_Work to be completed_
With pictures left out, please repeat word for word the lines from the one containing "Tasse - Vert d'amour" through the end of the records.

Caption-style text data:

=== Section Start ===

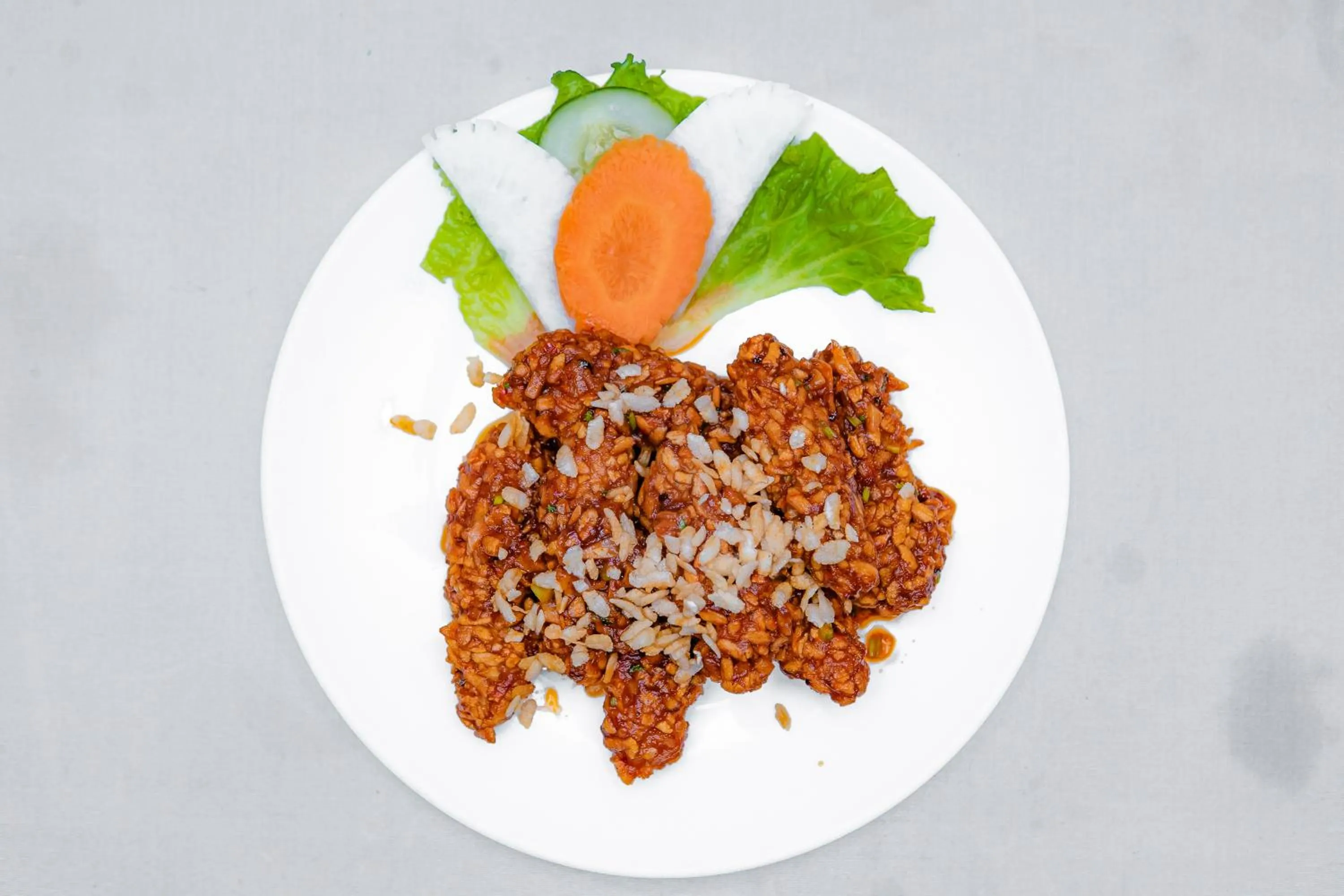 Food in Hotel Pokhara Village & SPA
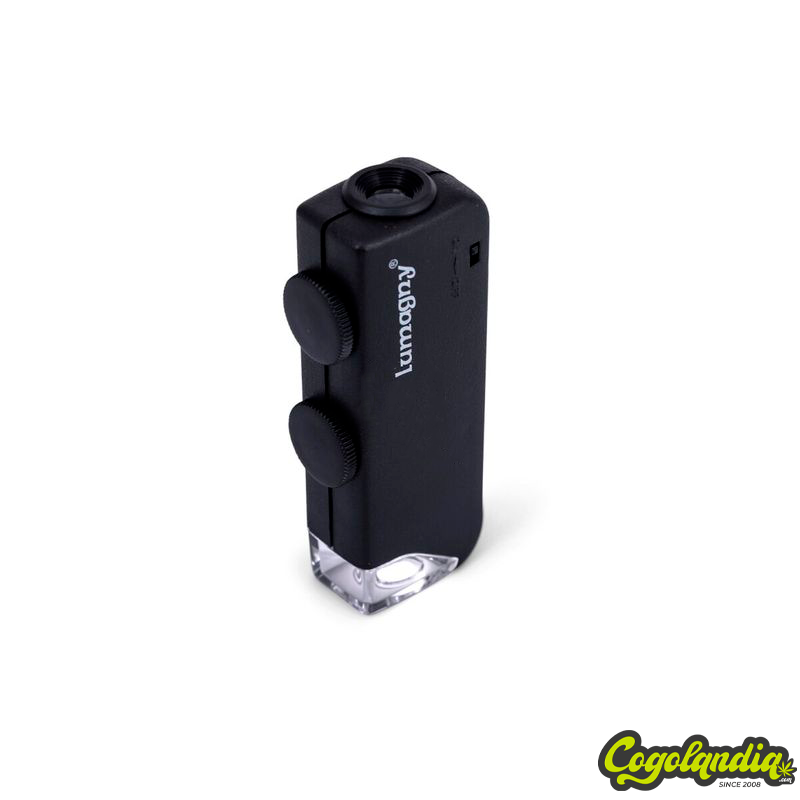 Microscopio Led Lumangy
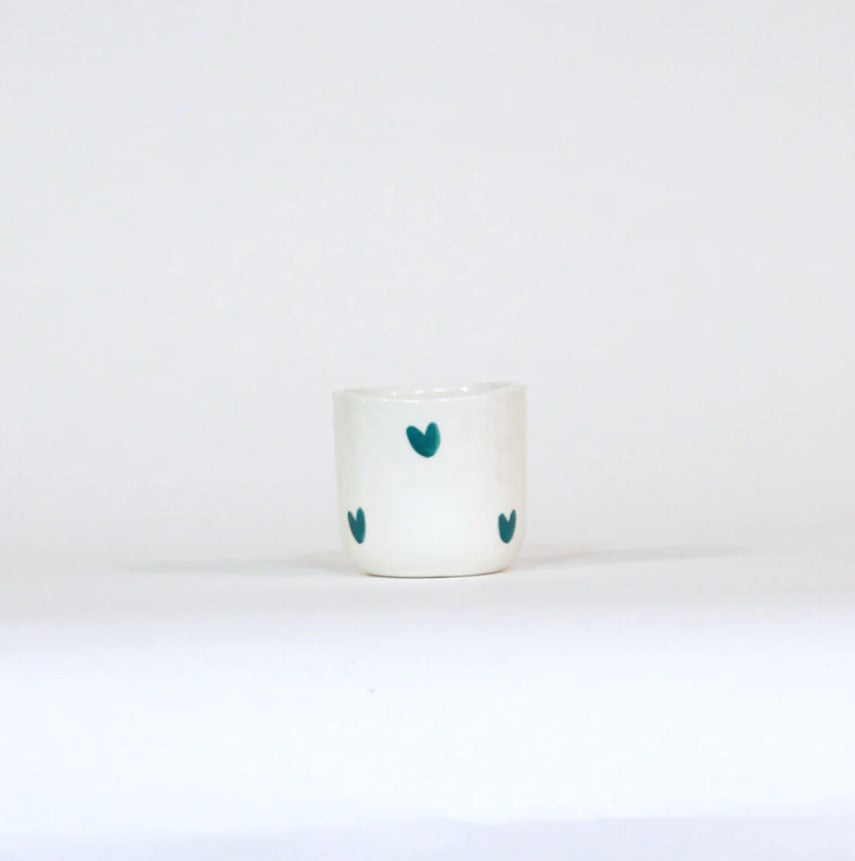 Tasse - Vert d'amour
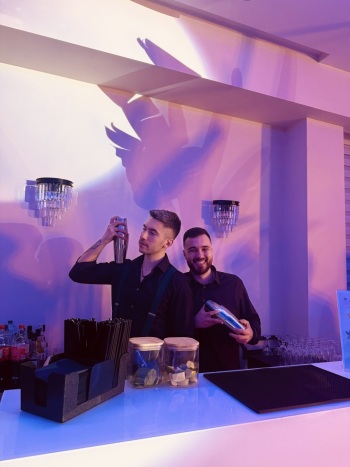 Bar Corner - Obsługa Barmańska | Barman na wesele Kraków, małopolskie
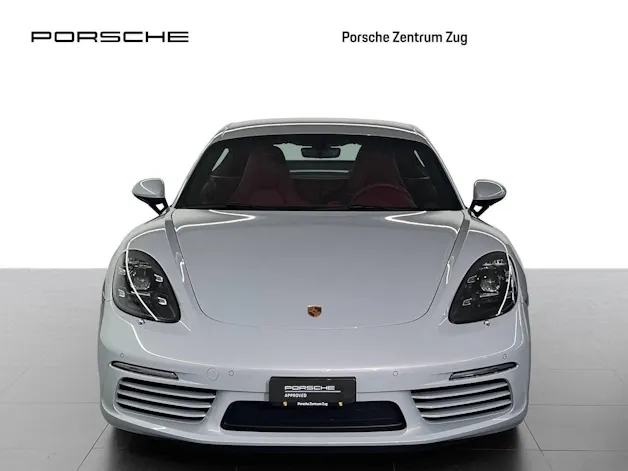 Porsche 718 Cayman S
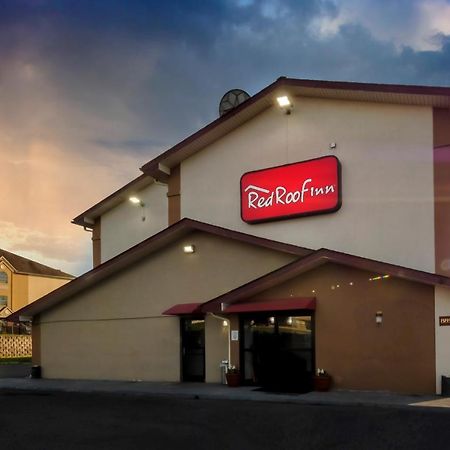 Red Roof Inn Калпепер Экстерьер фото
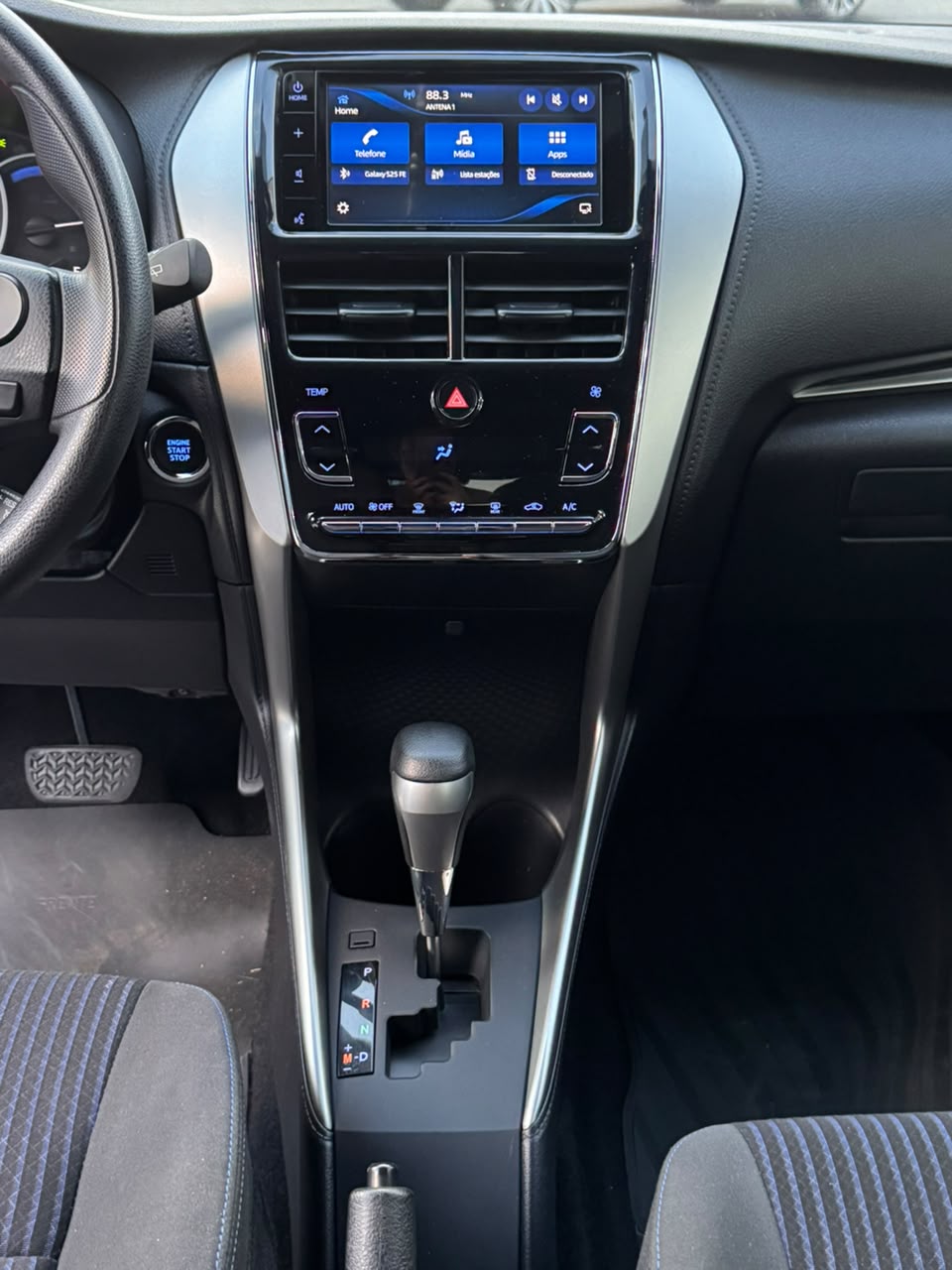 TOYOTA YARIS HATCH XL PLUS 1.5 FLEX AUT. 2022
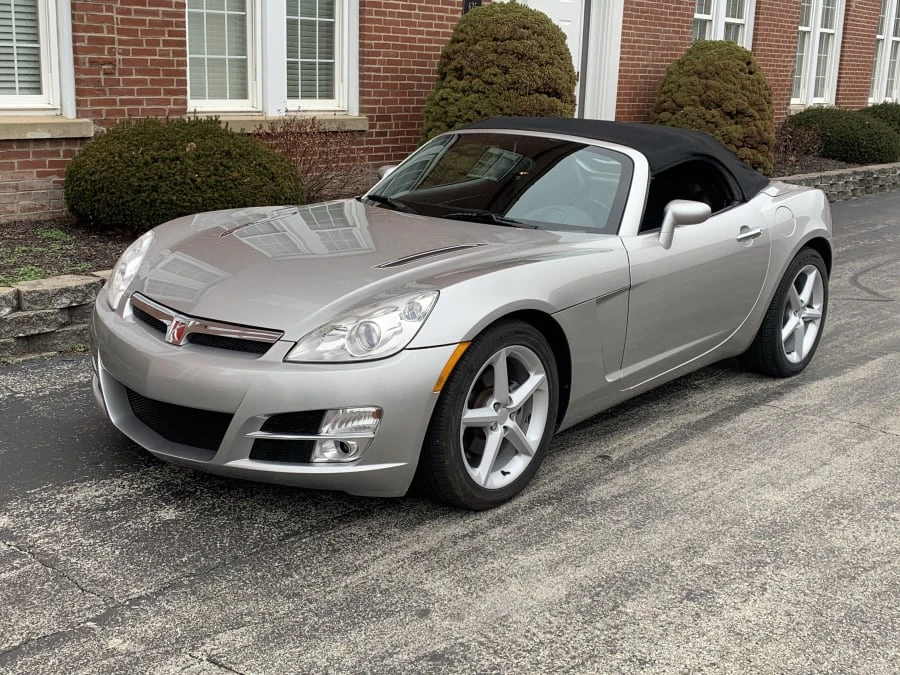 2007 Saturn Sky - Image 10 of 10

=== Section End ===

_Result of the exercise_
 Tasse - Vert d'amour
 Bar Corner - Obsługa Barmańska | Barman na wesele Kraków, małopolskie
 Porsche 718 Cayman S
 Red Roof Inn Калпепер Экстерьер фото
 TOYOTA YARIS HATCH XL PLUS 1.5 FLEX AUT. 2022
 2007 Saturn Sky - Image 10 of 10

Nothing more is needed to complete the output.